Minder Thomas · Ständerat · 2014-11-25
Minder Thomas · Ständerat · Schaffhausen · Fraktion der Schweizerischen Volkspartei · 2014-11-25
Wortprotokoll
Im Hinblick auf den Urnengang zur Ecopop-Initiative habe ich auf allen Podien gehört, dass wir den schonenden Umgang mit unserem Boden, unseren Ressourcen, unserem Abfall nicht über eine Drosselung der Zuwanderung, sondern über die Wirtschaft und unser eigenes Verhalten regeln sollen. Genau diesen Faktor stösst die vorliegende Volksinitiative an, und dasselbe will auch der Gegenvorschlag. [PAGE 1015]

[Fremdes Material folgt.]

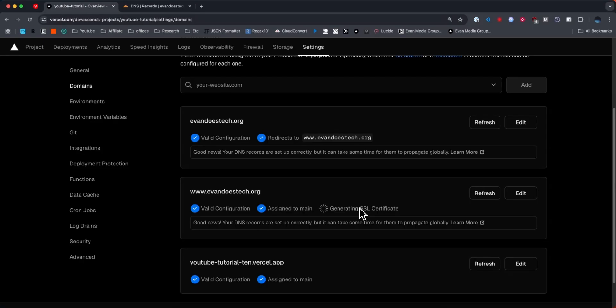But that is how you can connect your Cloudflare domain to your Vercel project. If this video helped you guys out, please leave a like. That's going to do for this video. Thank you so much for watching and I hope this helped you out.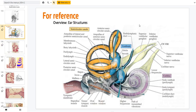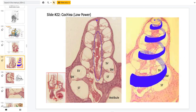The cochlea is a structure that spirals around itself. It starts off thicker at the base and as it proceeds through the spiral it gets thinner and thinner until you get to the apex. This slide really shows you that these cross sections of the cochlea are one continuous structure that spirals around itself. Along the longitudinal axis of the cochlea we have a structure called the modiolus — this is the thing that the cochlea is spiraling around.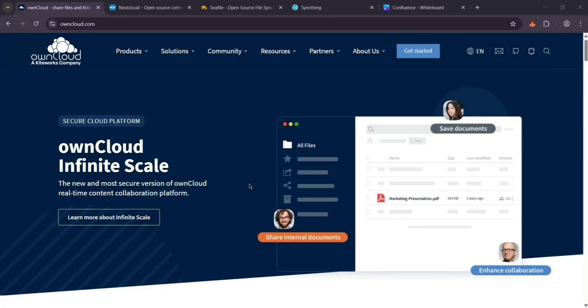Hey everyone, today we're comparing four awesome open source tools for file sharing and syncing: OwnCloud, NextCloud, Seafile, and SyncThing. They're all great, but which one's best for you? Let's break it down.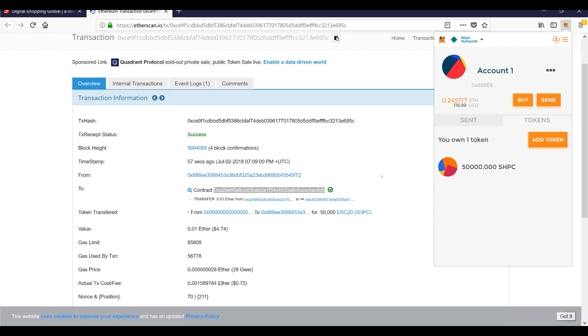That's my time for you here today. I just wanted to show you how easy it is if you wanted to purchase the SHPC tokens from Digital Shopping Global. So thanks guys very much for your time, and until next time, happy crypto hunting.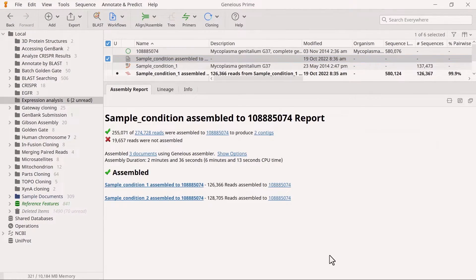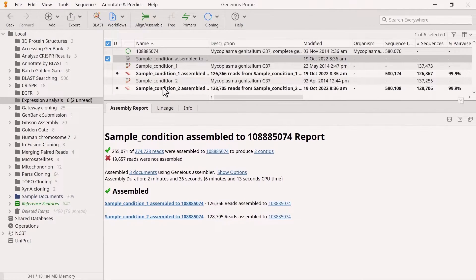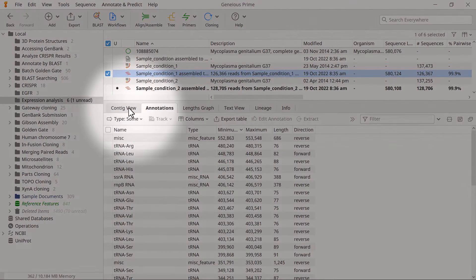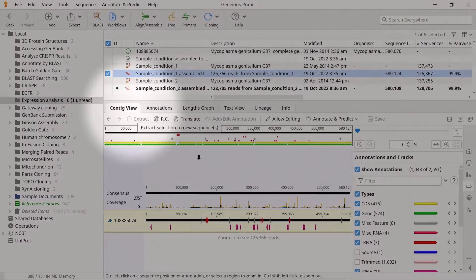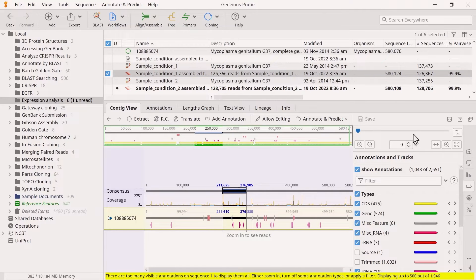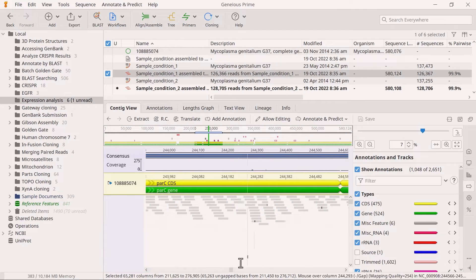The resulting assembly report summarises the analysis, including the number of reads assembled and not assembled. There are also two assembly files returned. You can zoom in and pan around the sequence on the contig view to see the aligned reads.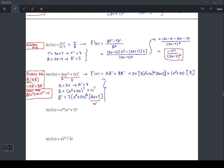Look at that mess. At some point we get to problems where it says 'don't simplify,' and this would be one of them. We don't always have to simplify these expressions.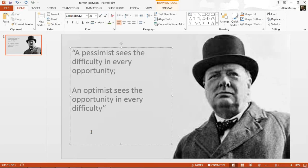Hello and welcome to this video tutorial from ComputerGaga.com. In this video we are going to look at how to animate part of a sentence within PowerPoint.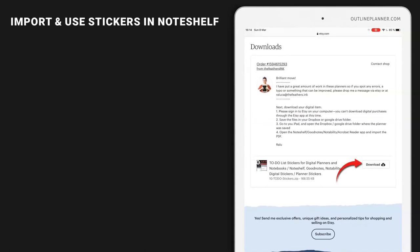Inside this zip folder, I have placed 10 PNG images that have transparent backgrounds. So you can stick those images on top of your weekly, daily, or monthly page and still see the layout beneath that sticker.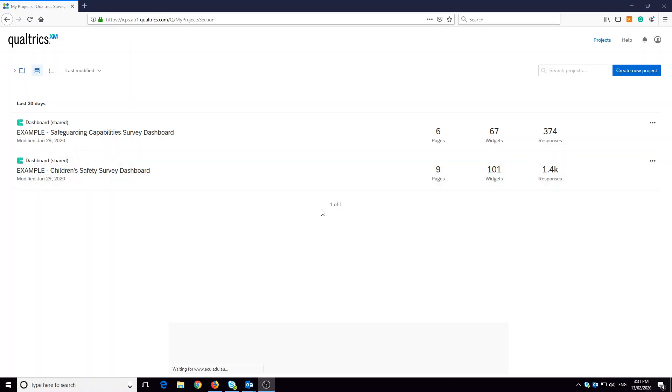Hi everyone, Douglas Russell from the Institute of Child Protection Studies here. This video is going to help you learn how to navigate your dashboard. Once you've clicked on the dashboard you want to view, you'll end up at the welcome page.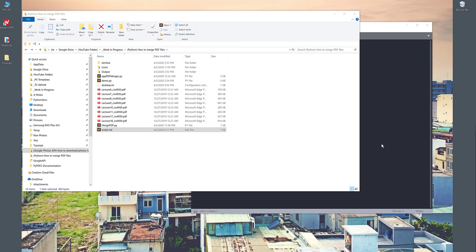Hey, how's it going guys? Welcome to another Python tutorial video. My name is Jay. In this video, I'm going to show you how to create a Python program to merge PDF files.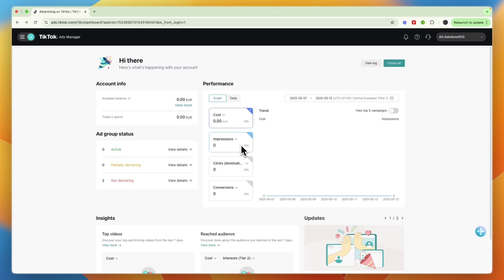In this video I'll show you how to create a TikTok agency account instead of a normal ads account. So to do this, you may already have a TikTok ads manager account.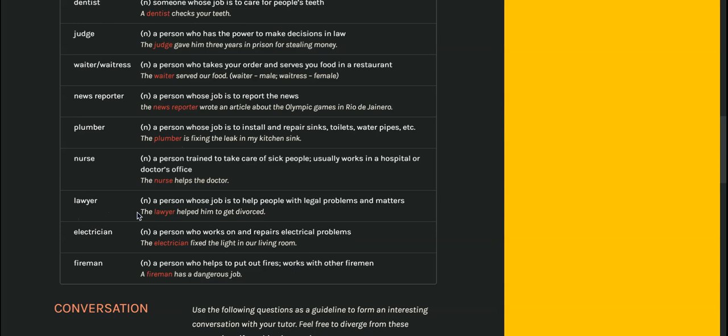Electrician. They work on lights and anything with electricity inside of a house or outside a house.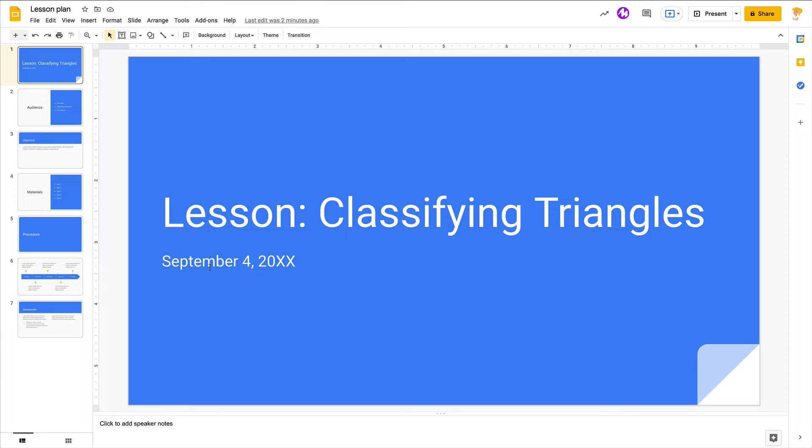Hey y'all, this week's quick tip is about a feature that we've had in Google Slides for a while, but it's moved and it's got a brand new name.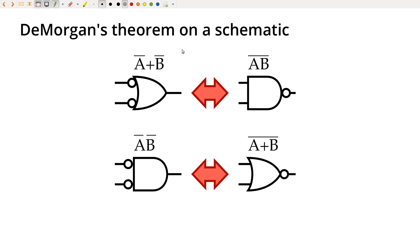So you can imagine that if I have NOT A or NOT B, I'm just going to represent the NOT with the bubbles, like we've been doing in a schematic, but I'm going to put the bubbles on the input here.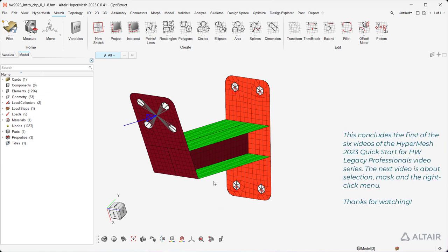This concludes the first of the six videos of the HyperMesh 2023 Quick Start for HyperWorks Legacy Professionals video series. The next video is about selection, mask, and the right-click menu.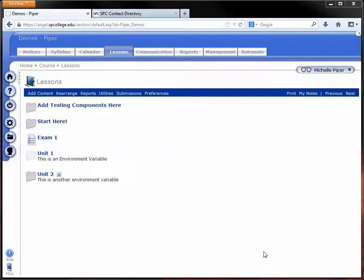Hello, in this video we're going to go over how to drop the lowest or use the highest grades from a specific category.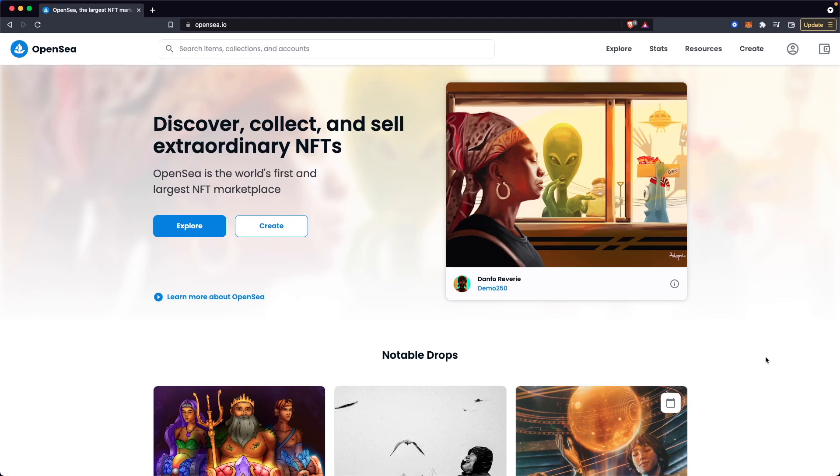Hey guys, Evan here. In this video, I'm going to show you how you can change your username on OpenSea.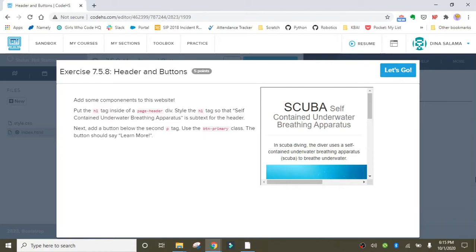Hi everyone, welcome to lesson 5, exercise 1: Header and Buttons. In this lesson we learned about Bootstrap components. This is one of the coolest parts of Bootstrap — essentially components are pre-made, pre-packaged user interface elements like buttons, icons, and tables that we can plug right into our pages.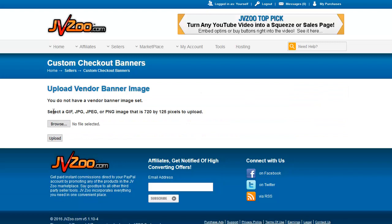This will allow you to upload a banner that is a GIF — or GIF, depending on which way you pronounce it — a JPEG, or a PNG image. It must be 720 by 125 pixel size.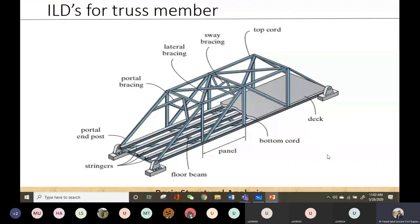In the previous lecture, we were studying the ILDs — qualitative ILDs — mostly focusing on different types of beams, for example simply supported beams or overhanging beams or structures like that. But today we are going to start studying about the ILDs for any member of a truss.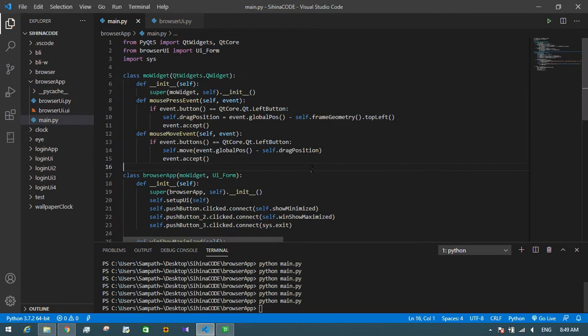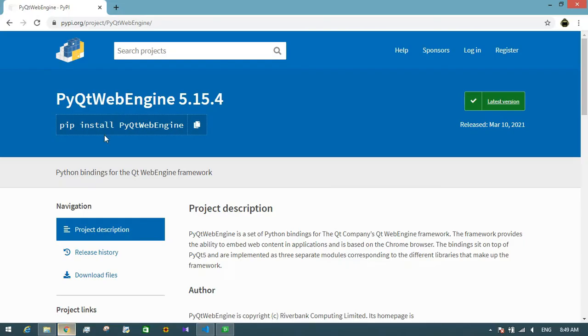Next, we think about the web view — it is the core of the web browser. In this case we have to install a library. I already have it installed on my computer, but I will show you how to install it.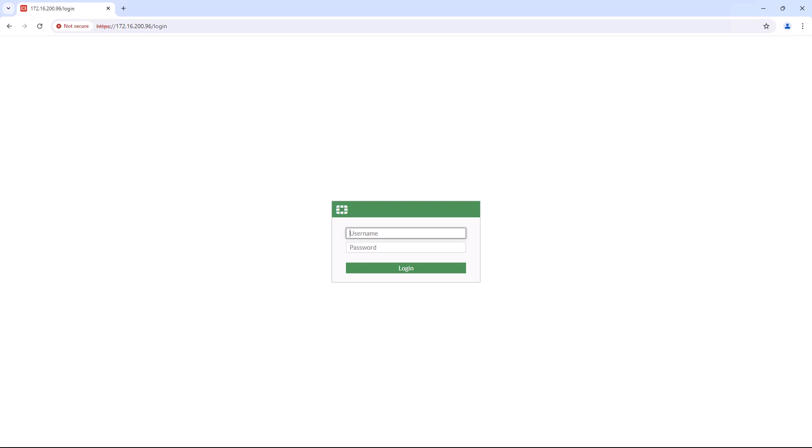So let's get started. FortiCloud is a cloud-based management platform that provides a range of services such as logging, analytics, sandboxing, and configuration management for your FortiGate devices. Activating FortiCloud allows you to enhance your network security and manage your devices more efficiently.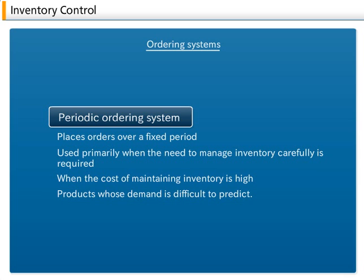This system is used primarily when the need to manage inventory carefully is required, such as when the cost of maintaining inventory is high, or with products whose demand is difficult to predict.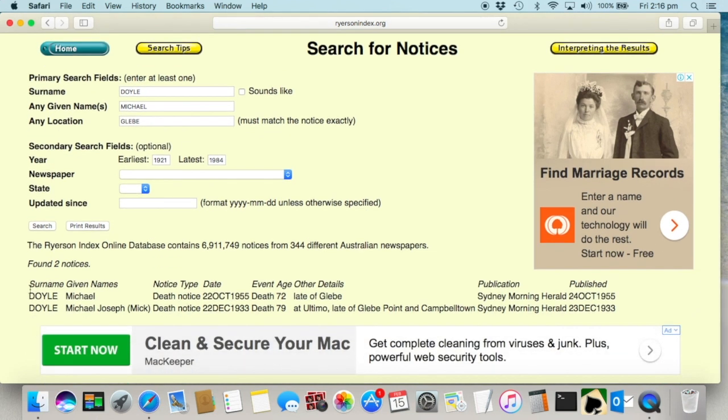Now we're down to just two, and the first one is the right age — he was 72 in 1955, which puts his birth at the right time. So in this case narrowing by location worked. If it hadn't, I would have had to do a bit of trial and error, looking up notices close to the right age or location and seeing if the obituary gave hints to it being the correct person, like the names of other family members.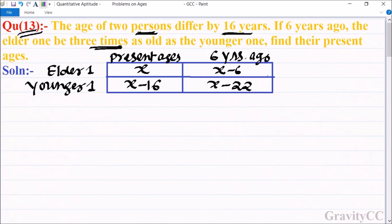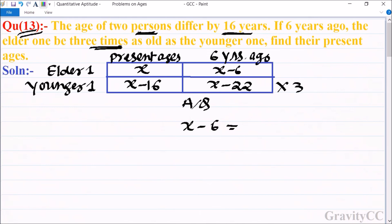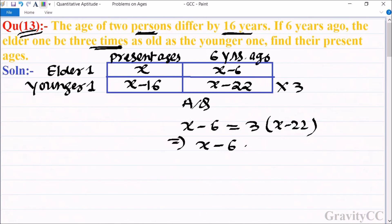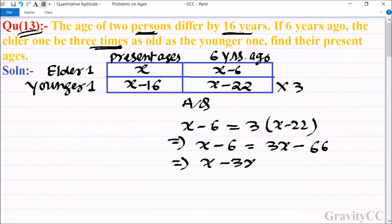According to the question, six years ago the elder one's age is three times the age of the younger one. So x minus 6 is equal to 3 times x minus 22, which gives x minus 6 equals 3x minus 66. This implies x minus 3x equals minus 66 plus 6.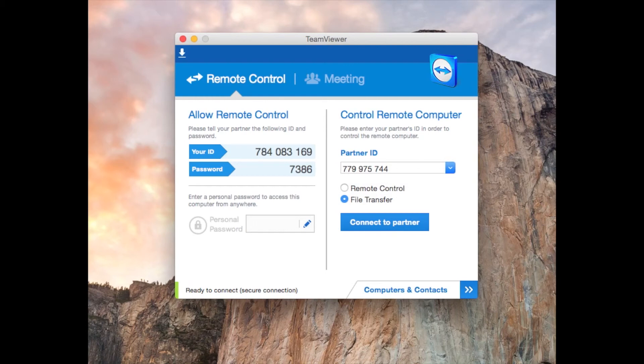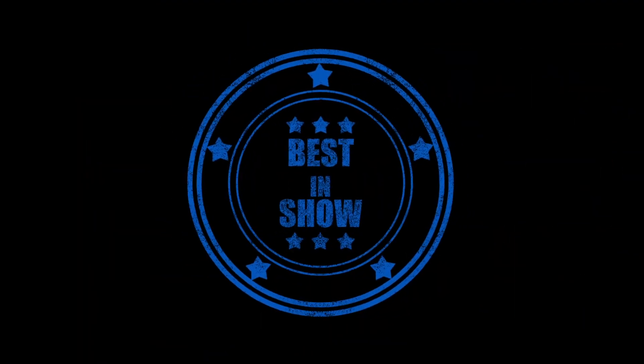So that is TeamViewer — I recommend checking it out. You can just Google TeamViewer; I think their website is TeamViewer.com. Thanks for watching. It's been Colin with AppReviews.com — don't forget to comment, rate, and subscribe.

Die Stossrichtung des Gegenvorschlages basiert grundsätzlich auf Freiwilligkeit, bundesrätliche Vorgaben greifen nur subsidiär. Persönlich wünschte ich mir eine noch grössere Nachhaltigkeit im Umgang mit unseren, aber auch den ausländischen Ressourcen, und darum geht es in diesem Artikel 10h. Schliesslich werden all unsere Handys, Laptops, die meisten Textilien, Kaffee, Schokolade, aber auch viele weitere Esswaren importiert und somit die Schäden an Natur, Mensch, Tier sozusagen outgesourct oder "offshored". Oder, um mit dem Argumentarium der Ecopop-Gegner zu sprechen: Diese bringen ja vor, auch vonseiten des Bundesrates, es sei kolonialistisch, egoistisch, ja rassistisch, wenn wir einen Teil unserer Entwicklungshilfe in die freiwillige Familienplanung stecken würden. Darüber kann man streiten, das stimmt. Aber falls man diese Argumente bejaht, ist es dann nicht noch egoistischer, zwar für unsere hiesigen natürlichen Lebensgrundlagen Sorge zu tragen, uns jedoch, sobald wir Waren importieren, um dieselbe Nachhaltigkeit zu foutieren? Setzen wir die richtigen Anreize, gerade auch aus Sicht der hiesigen Wirtschaft, wenn wir zwar in unseren 41 000 Quadratkilometern die natürlichen Ressourcen schonen, nicht aber über den Gartenzaun ins Ausland schauen? Nicht nachhaltig, unökologisch oder sogar ethisch nicht korrekt produzierte Rohstoffe und Materialien aus dem Ausland haben für mich in der Schweiz nichts verloren. Dann muss eben beim Import dieser Materialien und Rohstoffe näher hingeschaut werden.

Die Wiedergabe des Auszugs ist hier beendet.